If you mean by the app platform as the UI then certainly the API has many helpful functionalities that could allow you to almost not have to use the UI. The Android Capture app is an example of an app that doesn’t customize nor couples the platform but makes an excellent use of the platform.
Would still be great to hear about the use case @jetisco4u! Thanks!
We are trying to use all the API functionality when building the Docker image. But would like to host the app using a custom platform-app that utilize a React Meta framework we build. I am looking at the possibility of hosting the app without building the dhis-web/pom.xml
@Gassim thanks for your comprehensive reply. I just review it now. So far, I updated all the dependencies and devDependencies of the app-platform, cli tools, app-runtime, ui (including the UI Header), core apps, and React. I am trying to create new cli tool to make it easy to bootstrap say a CRA or Vite app on Javascript or Typescript. This way it will be easy to rebrand some of our existing apps to integrate with DHIS2.
But the current challenge is that if I build the apps like this, and I update the apps it will reload the ones in the app-hub which mostly used the old dependencies and CRA only. So what I plan to do now is to create a custom app hub to upload apps and possibly extend it to accept plugins.
I will also limit the core apps to bundle in the dhis2-core to just a view. To handle update and feature addition to dhis2, I am writing a script to automatically handle about 90% of the upgrade. I will share any challenge or request I have.
But I will like to ask a question. I saw that the core apps to bundle are loaded from github when building the dhis-web jar. Which of the apps is stored in the app-hub, is it only the ones uploaded with App Management app or including the ones loaded and renamed when building the docker image?
Hi @jet - I’m not sure I understand your use-case fully… can you explain what you’re trying to do? Do you just want to have a custom headerbar in all core DHIS2 apps, or are you creating all new apps / web interfaces yourself for everything DHIS2 can do?

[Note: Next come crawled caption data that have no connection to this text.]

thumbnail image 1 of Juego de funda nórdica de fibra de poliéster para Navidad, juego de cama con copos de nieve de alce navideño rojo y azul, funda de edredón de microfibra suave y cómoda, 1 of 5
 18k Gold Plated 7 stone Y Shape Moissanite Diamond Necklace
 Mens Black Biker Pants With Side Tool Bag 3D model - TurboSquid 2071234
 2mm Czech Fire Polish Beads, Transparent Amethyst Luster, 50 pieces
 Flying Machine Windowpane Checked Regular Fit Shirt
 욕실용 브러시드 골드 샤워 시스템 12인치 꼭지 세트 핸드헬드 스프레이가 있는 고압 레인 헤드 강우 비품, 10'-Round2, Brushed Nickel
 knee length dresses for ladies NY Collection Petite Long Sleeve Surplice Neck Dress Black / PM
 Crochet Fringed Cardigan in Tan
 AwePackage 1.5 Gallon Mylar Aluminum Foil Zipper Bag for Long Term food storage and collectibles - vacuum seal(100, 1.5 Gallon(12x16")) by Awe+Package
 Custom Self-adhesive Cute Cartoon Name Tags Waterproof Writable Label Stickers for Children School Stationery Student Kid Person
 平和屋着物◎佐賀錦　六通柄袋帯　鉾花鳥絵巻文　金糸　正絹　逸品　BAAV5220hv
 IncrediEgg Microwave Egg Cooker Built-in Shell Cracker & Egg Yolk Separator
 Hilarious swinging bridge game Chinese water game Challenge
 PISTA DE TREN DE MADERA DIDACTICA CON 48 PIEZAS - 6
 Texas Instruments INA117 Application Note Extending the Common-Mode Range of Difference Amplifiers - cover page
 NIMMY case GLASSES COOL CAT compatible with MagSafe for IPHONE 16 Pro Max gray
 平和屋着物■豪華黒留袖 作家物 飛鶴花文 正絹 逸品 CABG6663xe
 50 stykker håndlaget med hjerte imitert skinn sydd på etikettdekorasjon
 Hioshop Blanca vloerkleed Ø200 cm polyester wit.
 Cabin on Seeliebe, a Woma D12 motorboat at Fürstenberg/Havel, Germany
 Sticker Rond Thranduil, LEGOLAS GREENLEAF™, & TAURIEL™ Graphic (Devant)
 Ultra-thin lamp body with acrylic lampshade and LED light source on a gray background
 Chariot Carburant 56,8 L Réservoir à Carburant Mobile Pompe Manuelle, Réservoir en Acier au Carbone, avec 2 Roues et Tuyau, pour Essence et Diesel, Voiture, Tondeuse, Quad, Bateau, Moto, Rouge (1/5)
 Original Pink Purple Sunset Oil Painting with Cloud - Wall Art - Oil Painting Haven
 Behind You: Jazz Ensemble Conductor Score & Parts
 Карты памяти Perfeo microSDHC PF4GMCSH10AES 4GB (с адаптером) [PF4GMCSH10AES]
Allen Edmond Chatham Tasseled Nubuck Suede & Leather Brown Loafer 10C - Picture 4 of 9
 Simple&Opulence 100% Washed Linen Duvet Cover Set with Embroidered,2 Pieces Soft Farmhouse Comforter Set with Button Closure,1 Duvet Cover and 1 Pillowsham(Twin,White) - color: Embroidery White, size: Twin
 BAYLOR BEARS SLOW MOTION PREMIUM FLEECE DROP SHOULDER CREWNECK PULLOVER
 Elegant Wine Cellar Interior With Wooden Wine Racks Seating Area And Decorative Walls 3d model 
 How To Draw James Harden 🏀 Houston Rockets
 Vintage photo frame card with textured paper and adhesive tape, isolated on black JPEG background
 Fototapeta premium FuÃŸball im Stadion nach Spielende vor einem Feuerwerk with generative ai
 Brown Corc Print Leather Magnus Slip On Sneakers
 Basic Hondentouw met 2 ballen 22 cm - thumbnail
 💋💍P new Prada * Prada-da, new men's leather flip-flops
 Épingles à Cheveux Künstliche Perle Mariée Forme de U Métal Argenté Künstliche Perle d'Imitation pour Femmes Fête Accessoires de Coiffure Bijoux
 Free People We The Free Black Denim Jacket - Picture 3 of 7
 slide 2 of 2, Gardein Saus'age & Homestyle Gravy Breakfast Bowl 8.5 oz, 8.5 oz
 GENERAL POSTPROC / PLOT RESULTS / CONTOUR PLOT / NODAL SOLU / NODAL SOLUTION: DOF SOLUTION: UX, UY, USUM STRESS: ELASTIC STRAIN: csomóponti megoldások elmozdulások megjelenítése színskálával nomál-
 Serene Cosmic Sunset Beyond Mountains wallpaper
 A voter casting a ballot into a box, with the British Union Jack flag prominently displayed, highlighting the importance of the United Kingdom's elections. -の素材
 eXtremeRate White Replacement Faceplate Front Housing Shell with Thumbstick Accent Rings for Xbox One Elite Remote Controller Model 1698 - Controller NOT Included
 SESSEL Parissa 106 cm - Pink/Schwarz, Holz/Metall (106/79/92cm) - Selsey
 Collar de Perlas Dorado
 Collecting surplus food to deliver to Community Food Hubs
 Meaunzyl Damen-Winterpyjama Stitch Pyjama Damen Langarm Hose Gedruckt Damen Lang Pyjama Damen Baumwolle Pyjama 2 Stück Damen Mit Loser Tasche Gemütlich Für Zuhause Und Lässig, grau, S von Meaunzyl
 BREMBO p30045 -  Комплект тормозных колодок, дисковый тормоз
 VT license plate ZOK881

Thanks for the reply @jetisco4u ! Currently that needs to be accomplished by forking all core apps and updating the header bar, then you can install new versions of those apps directly into the DHIS2 instance through the App Management App “Manual Install” tab.
In the next major release (v42, expected May 2025) we plan to introduce a feature called “global shell” which makes the headerbar universal and would allow you to update it in only one place without forking any other apps. If we add that feature it will hopefully make make your task much easier!
That is surely a great way t do it but I am undertaking a different approach. I am using my custom build tool from my DOMS Cross-Platform Fullstack Runtime Server suite of library called doms-kitup to replace the cli and have build a doms-dhis2-shell, doms-dhis2-adapter, doms-dhis2-client to bootstrap DHIS2 Applications. Next now I am working on a forked version of the core to support modern web tools while keep the core Java features.
By the way I am actually forking all the apps and customizing them to align with our design principles according to the DataOrb OpenApi Metadata Specification (DOMS).